Vous pourriez également dire que Horses n'a pas grand-chose en commun avec, disons, Horizon : Forbidden West ou GTA 6 ou tout autre blockbuster photoréaliste brillant dans lequel les personnages ressemblent et se déplacent avec une splendeur plus que réaliste. Le problème avec de tels visuels, c'est qu'ils cachent souvent beaucoup de laideur – un surmenage colossal, par exemple, ou le fait que votre cheval dans l'Assassin's Creed original est en fait « un squelette humain tordu et foutu », pour citer un ancien développeur d'Ubisoft. Charles Randall.

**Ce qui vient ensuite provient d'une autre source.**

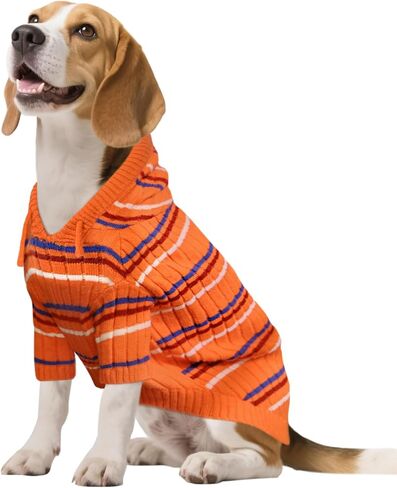 Kuoser Small Dog Sweater, Dog Sweaters for Small Dogs Male, Girl Boy Dogs Christmas Sweater, Hooded Striped Pet Puppy Pullover Sweatshirt Outfits for Chihuahua, Dachshund, Pug, Yorkie, Orange S in Saudi Arabia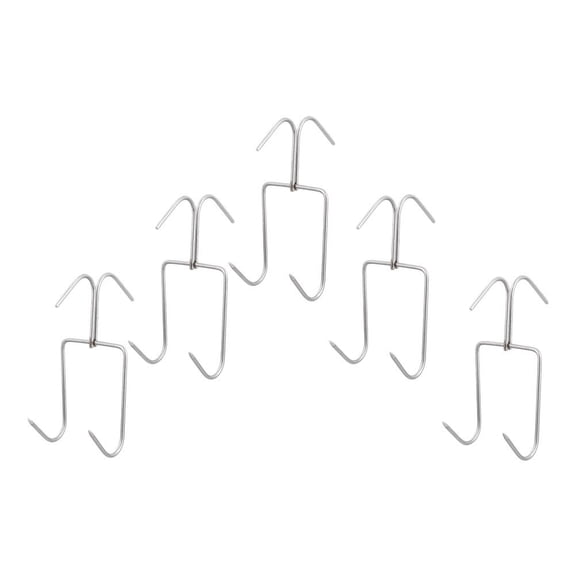 ADDHAT Addhat Poultry and Butcher Hooks Stainless Steel Kitchen Tool Silver 5Pcs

Je ne vais pas me lancer ici dans une (autre) conférence sur les maux enfouis du développement de logiciels triple-A, notamment parce que je dois m'enfuir maintenant et voir un jeu relativement reposant se déroulant dans l'Islande historique. Mais je trouve revigorant de jouer à un jeu comme Horses, qui reprend les variétés spécifiques de laideur dont seuls les jeux vidéo sont capables et les laisse fièrement à la surface.